# Work order
Copy out each line of the data holding "image".

# Given data
- - - - - - -
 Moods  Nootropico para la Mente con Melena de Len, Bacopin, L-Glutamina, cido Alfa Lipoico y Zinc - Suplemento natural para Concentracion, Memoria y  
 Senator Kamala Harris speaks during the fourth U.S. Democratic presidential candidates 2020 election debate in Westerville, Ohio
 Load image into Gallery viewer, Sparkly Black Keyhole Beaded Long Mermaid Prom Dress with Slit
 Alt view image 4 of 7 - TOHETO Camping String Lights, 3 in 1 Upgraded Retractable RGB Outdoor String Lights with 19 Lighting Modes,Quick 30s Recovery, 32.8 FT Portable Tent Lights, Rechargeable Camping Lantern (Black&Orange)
- - - - - - -
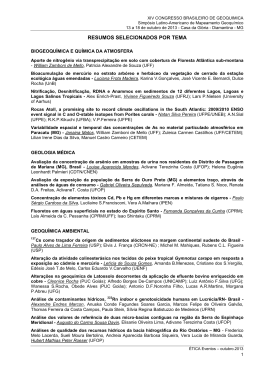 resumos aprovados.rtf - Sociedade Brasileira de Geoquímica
- - - - - - -
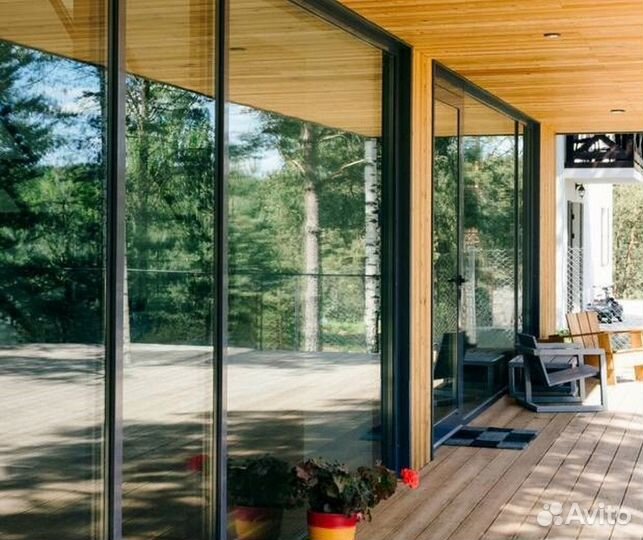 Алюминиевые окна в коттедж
- - - - - - -
# Response
 Load image into Gallery viewer, Sparkly Black Keyhole Beaded Long Mermaid Prom Dress with Slit
 Alt view image 4 of 7 - TOHETO Camping String Lights, 3 in 1 Upgraded Retractable RGB Outdoor String Lights with 19 Lighting Modes,Quick 30s Recovery, 32.8 FT Portable Tent Lights, Rechargeable Camping Lantern (Black&Orange)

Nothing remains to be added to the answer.